The maternal mortality with placenta accreta has been reported to be as high as 7 percent, according to ACOG.
"As a discipline, obstetrics is struggling with the C-section rate now and you see it in the literature," said Karkowsky. "ACOG is really trying to help us see why it is so high and how many are avoidable."
"We should be having these discussions of whether or not to have a child after a cesarean and it's important to be discussed," she said. "But it's not part of every physician's current counseling to discuss the long-term ramifications."
Karkowsky said women should have conversations with their spouses and doctors about family planning, especially when they have had previous cesareans. Sometimes a C-section is a "reasonable choice," she said. "A safe cesarean can be truly life-saving for mother and baby."

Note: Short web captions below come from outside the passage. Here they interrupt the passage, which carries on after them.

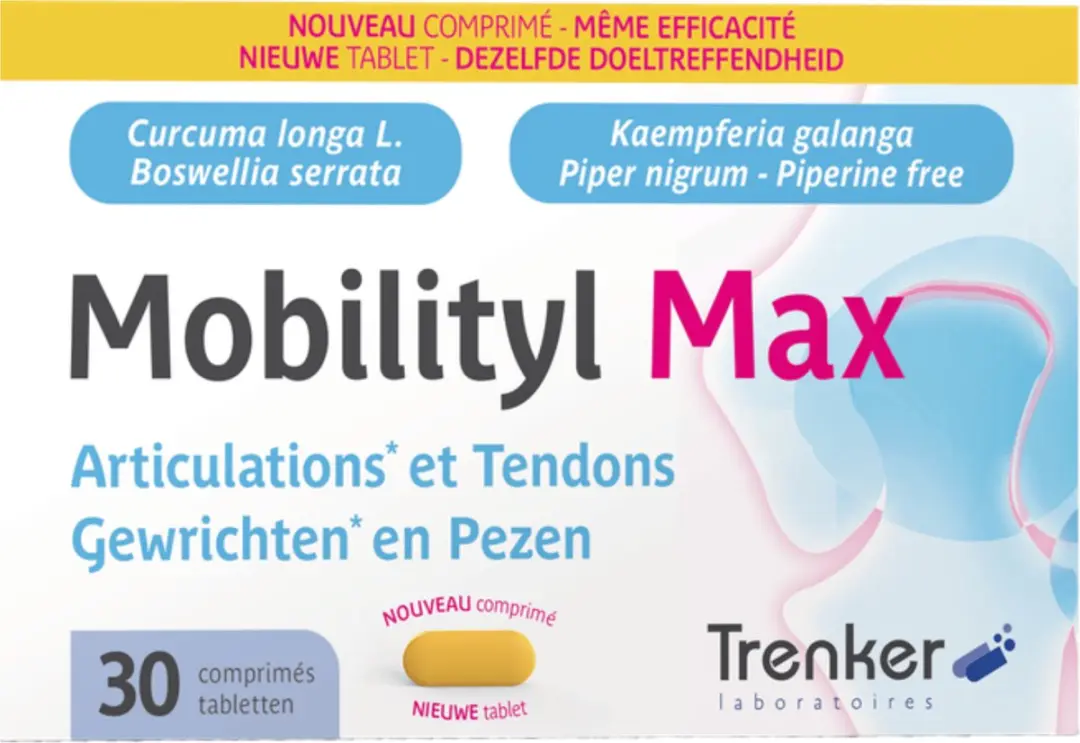 Trenker Mobility Max 30 Tabletten
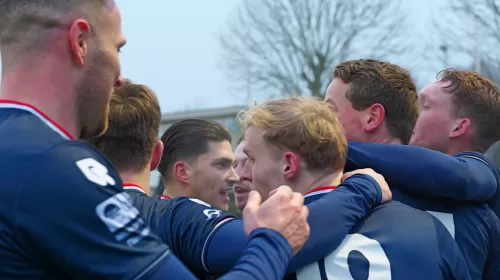 JVC Cuijk – SV Parkhout: 0-2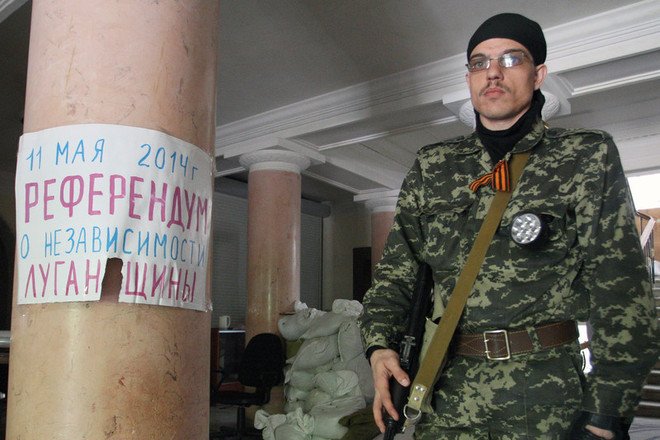 Похмелье будет тяжелым, или «Референдум» на Донбассе – один из фиговых листочков для планов Кремля
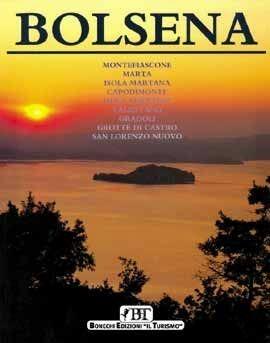 Libro Bolsena Antonietta Puri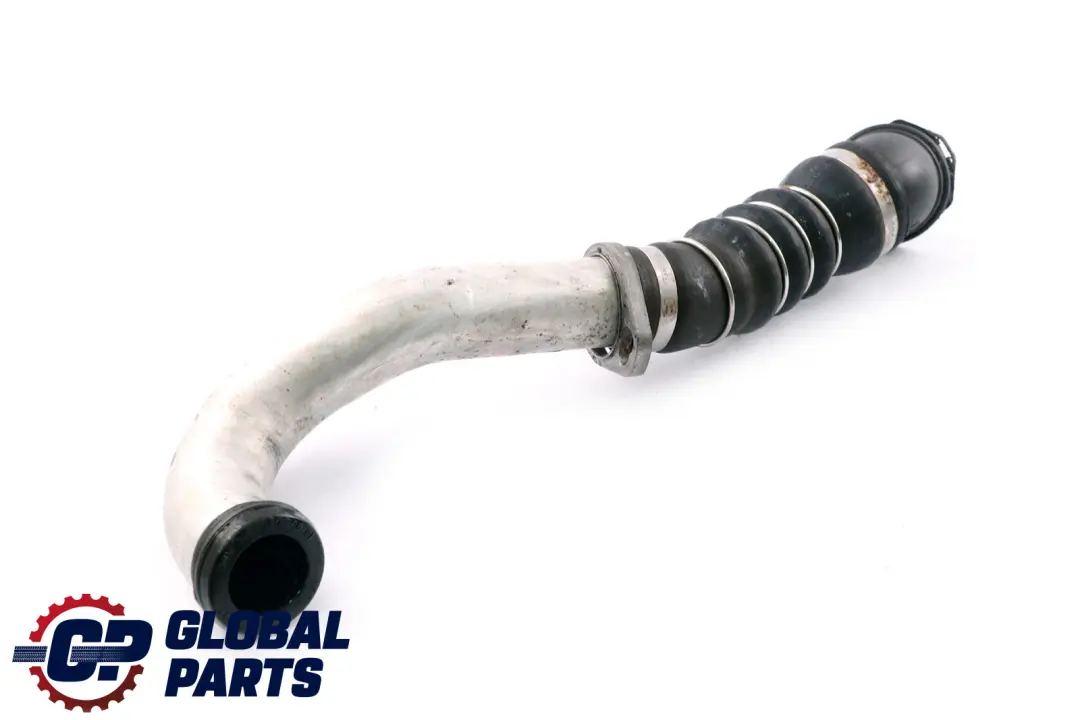 M47N2 Manguera de tubo de línea de aire de carga Turbo para BMW E60 E61 520d Diesel con número de pieza 7790089 BMW E60 E61 520d Diesel M47N2 Manguera de tubo de línea de aire de carga Turbo - SKU 7790089 - Número de pieza 7790089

But where a woman with multiple previous cesareans chooses to deliver is also important.
In her Atlantic Monthly piece, she describes the complex multi-team effort to deliver a baby when a woman has developed placenta accreta and will require a hysterectomy immediately after delivering the baby.
Staffing for the surgery required gynecologic oncology, interventional radiology, urology, neonatal intensive care, a blood bank, anesthesiology, nursing and critical care.
"I work in a well-staffed, wonderful medical center, which always has the capacity to handle anything," she said. "In a smaller setting, it is hard. Women need to look at the available resources to them. Some don't have a choice."
Barbara George was lucky to deliver at the high-risk pregnancy center at Hackensack University Medical Center, where a team of doctors performed seven hours of complex surgery, first delivering the baby in a sternum to pubic bone vertical incision, then cauterizing veins to detach the placenta from the bladder and finally a hysterectomy.
She had the most dangerous form of placenta accreta, called percreta, and the placenta dangerously penetrated the entire uterine wall and had attached itself to her bladder.
Had she known she was at risk for placenta accreta, George said she would have considered other options.
"In my heart, I wanted a larger family," she said. "I would have gone ahead and maybe had a surrogate or adopted, but I would not have put my life at risk. I was putting my children at risk of growing up without a mother. If someone wants a larger family, there are other ways."